When the data below is printed, every line must match exactly and the images must be absent.

### Recorded information:
++++++++

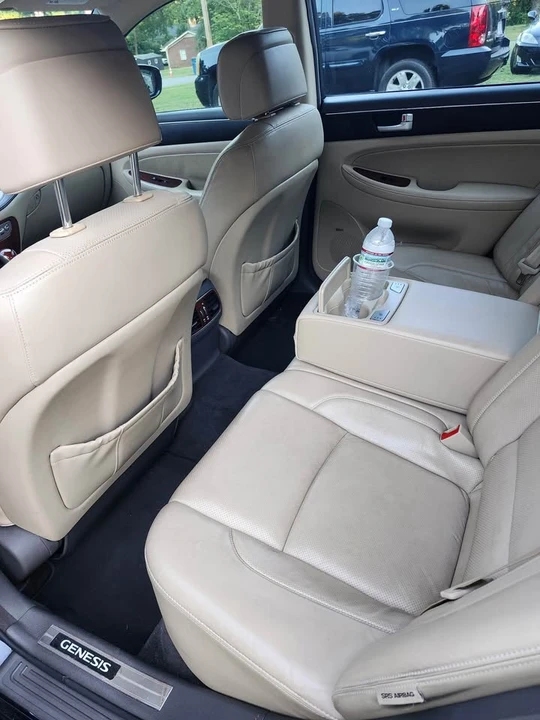 2012 Genesis - Image 5 of 6
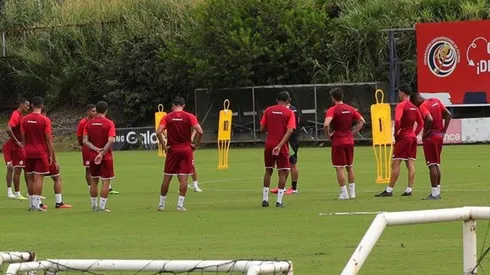 Posible caso de coronavirus en Alajuelense produce bajas en la selección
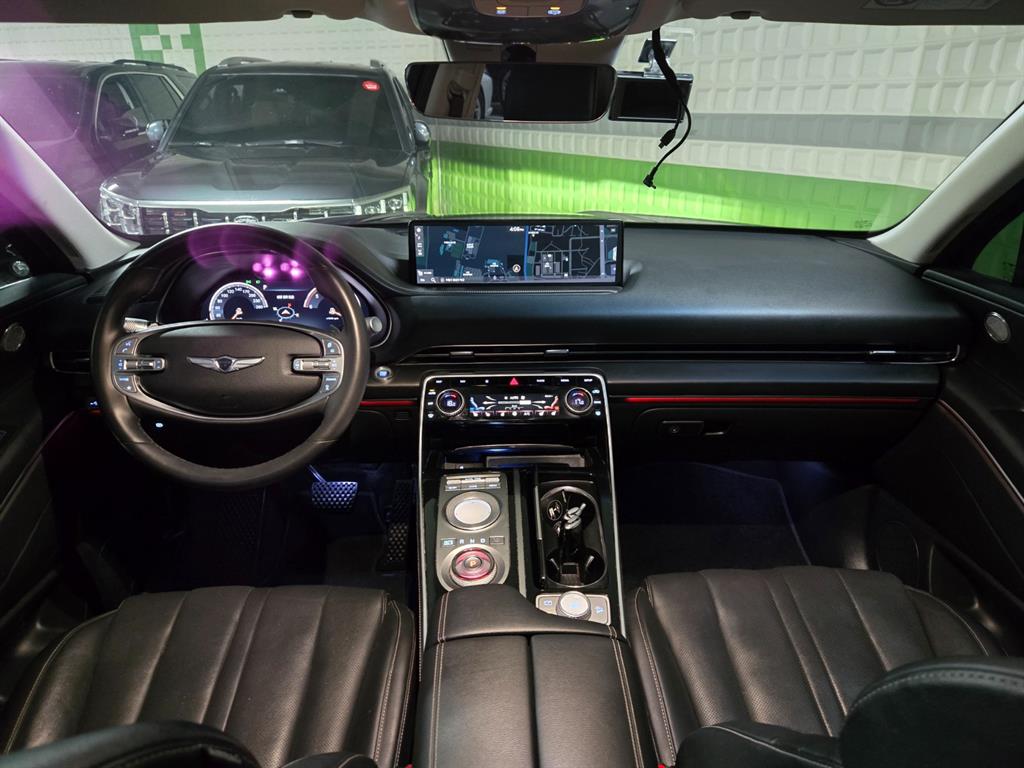 Genesis GV80 — photo 08
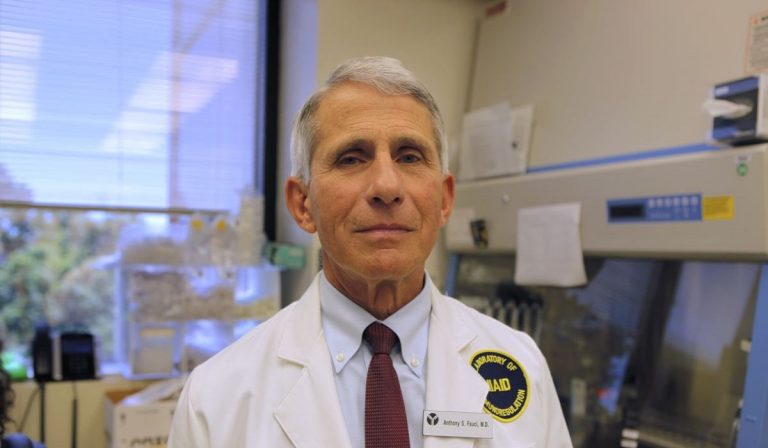 Fauci: "Vaccino Coronavirus disponibile tra un anno od oltre"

++++++++

### Output of the task:
 2012 Genesis - Image 5 of 6
 Posible caso de coronavirus en Alajuelense produce bajas en la selección
 Genesis GV80 — photo 08
 Fauci: "Vaccino Coronavirus disponibile tra un anno od oltre"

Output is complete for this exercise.